Фото: teatrpushkin.ru/С.Петров
В минувшие выходные в Театре имени Пушкина прошла премьера спектакля "Дом, который построил Свифт". В 80-х Марк Захаров экранизировал одноименную пьесу писателя-сатирика, драматурга Григория Горина. После этого о "Свифте" чаще вспоминали студенты философских, филологических и театроведческих факультетов, чем режиссеры. В этом сезоне попытки вернуть на сцену трагикомедию Горина предприняли труппы из Санкт-Петербурга, Нижнего Новгорода. В Москве "Свифта" играют впервые силами Евгения Писарева и его команды.
О выборе пьесы, принципах художественной политики и критериях любви публики к конкретным спектаклям Евгений Александрович рассказал m24.ru.

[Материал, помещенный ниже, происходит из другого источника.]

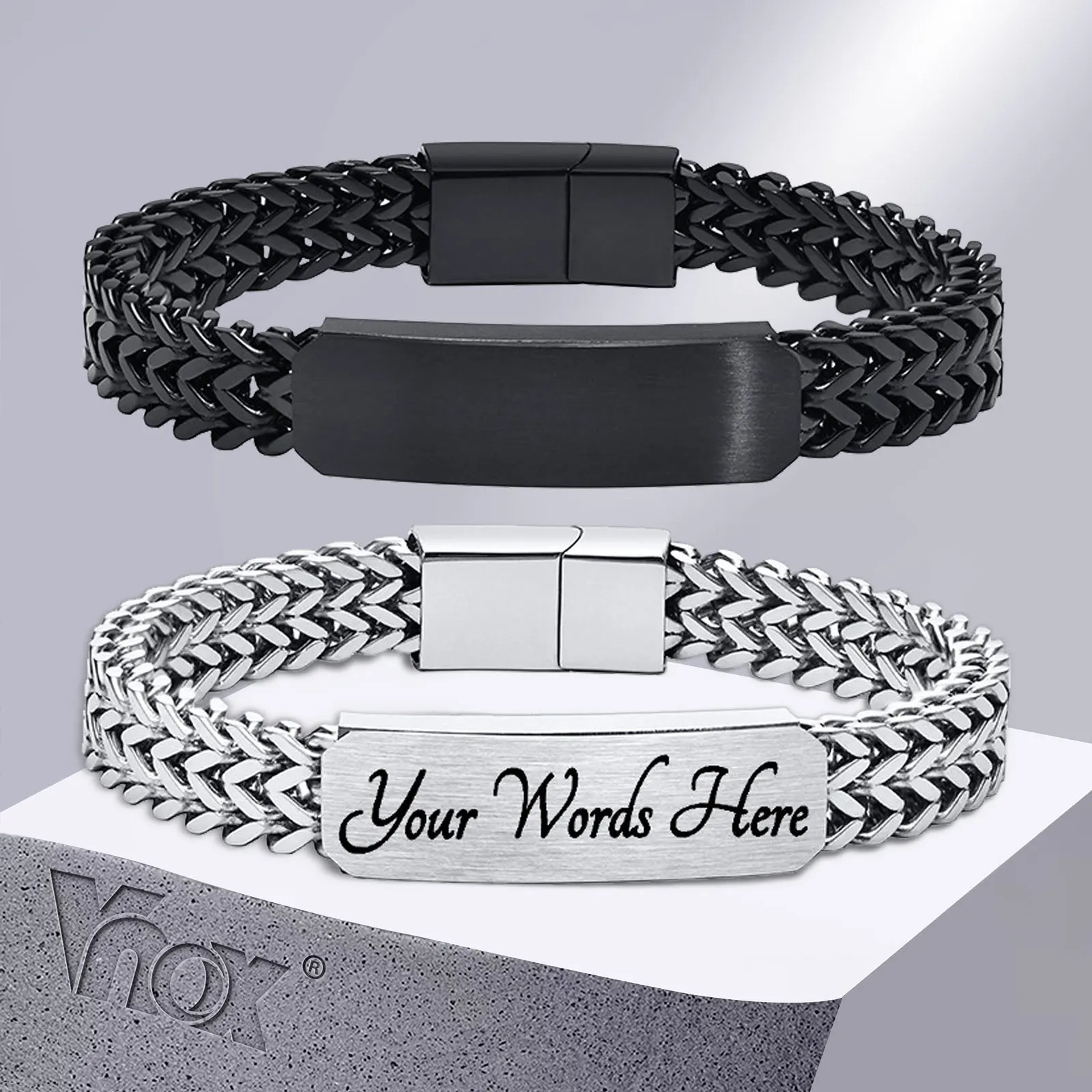 

Vnox Stylish Mens Free Custom Engrave ID Bracelet,Stainless Steel Double Franco Link Chains Bracelets Armband Male Jewelry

– Евгений Александрович, вы один из немногих худруков вашего поколения, относящихся к своему зрителю с гуманистической позиции. Вы не используете провокативный инструментарий, не выпускаете на сцену, к примеру, двадцать голых танцовщиков. В не совсем благоприятное для театра время у вас хватает смелости решиться на такой отчаянный шаг – обратиться к прозе Григория Горина, причем к самой мрачной его пьесе – "Дом, который построил Свифт". – Это страшно пессимистическая комедия, на мой взгляд, но несмотря на то что в каждом эпизоде рассказывается о смерти – про уход человека, художника, физический уход из жизни и осознанный, интеллектуальный – из социальной жизни, в этом спектакле в конце все-таки появляется луч надежды. Не нужно забывать, пьеса написана с самоиронией, что мне очень нравится. Даже какие-то моменты, не лишенные пафоса, Горин умудряется отобразить по-человечески. Может, дело в его происхождении, а может, в таланте и гении драматурга, который писал в несвободное время, без всякой надежды на перемены, помогая людям жить. Он был утешителем, хотя, как и Свифт, довольно презрительно относился к обществу в целом, к системе, и очень сострадательно и с любовью к конкретному человеку. Мне кажется, в "Свифте" это отражено.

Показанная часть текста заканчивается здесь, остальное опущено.